As with personality and efficiency, so with memory. These men of the class of which we are speaking, grasped the idea that Memory Means Money. To gain it, they adopted a simple formula (easily learned in six lessons without sending money) first invented by the ancient Aztecs, but now made available for everybody by the splendid efforts of the famous Doctor Allforce. The doctor, whose picture shows him to be a G.D.M. of Kansas, is often called (presumably by his friends) the Wizard of Mind Power. He is a man of whom we shall have a lot to say. Undoubtedly the man has psychic power. Whether or not it is the selfsame psychic power enjoyed by Ancient Chaldeans and the Magi who make the Magi Water, is a point on which we must not try to pronounce. But the man certainly has it, and no doubt it was for that that Kansas gave him his G.D.M. The Doctor claims that memory can be built up by a rearrangement of the colloid particles of the human brain.
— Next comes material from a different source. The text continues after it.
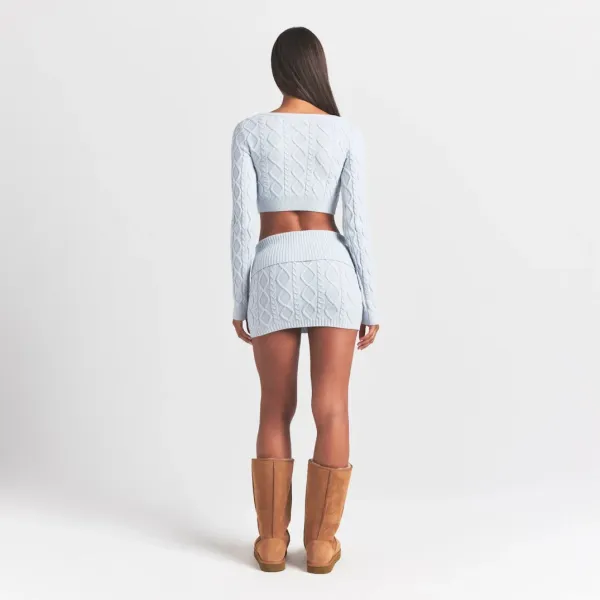 Cable Knit Cropped Vest Top in Light Gray - 33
So convinced is the doctor of the validity of this daring claim that he offers a personal guarantee of $100 (one hundred dollars) for anybody disproving it to his satisfaction. Thus far, no single professor of any of the colleges (all known to be effete) has come forward to challenge this daring piece of scientific prophylaxis. In short, as the doctor himself says, Hypothesis is truth!

But we must not talk of the Doctor too much. We shall have plenty to say of him in his place. Just remember him as the Man Who Does Not Forget. We only mention him here in this connection as one of the big men whose ideas are reshaping the globe. Indeed, the Doctor himself has gone on record with the words, "I can reshape your head."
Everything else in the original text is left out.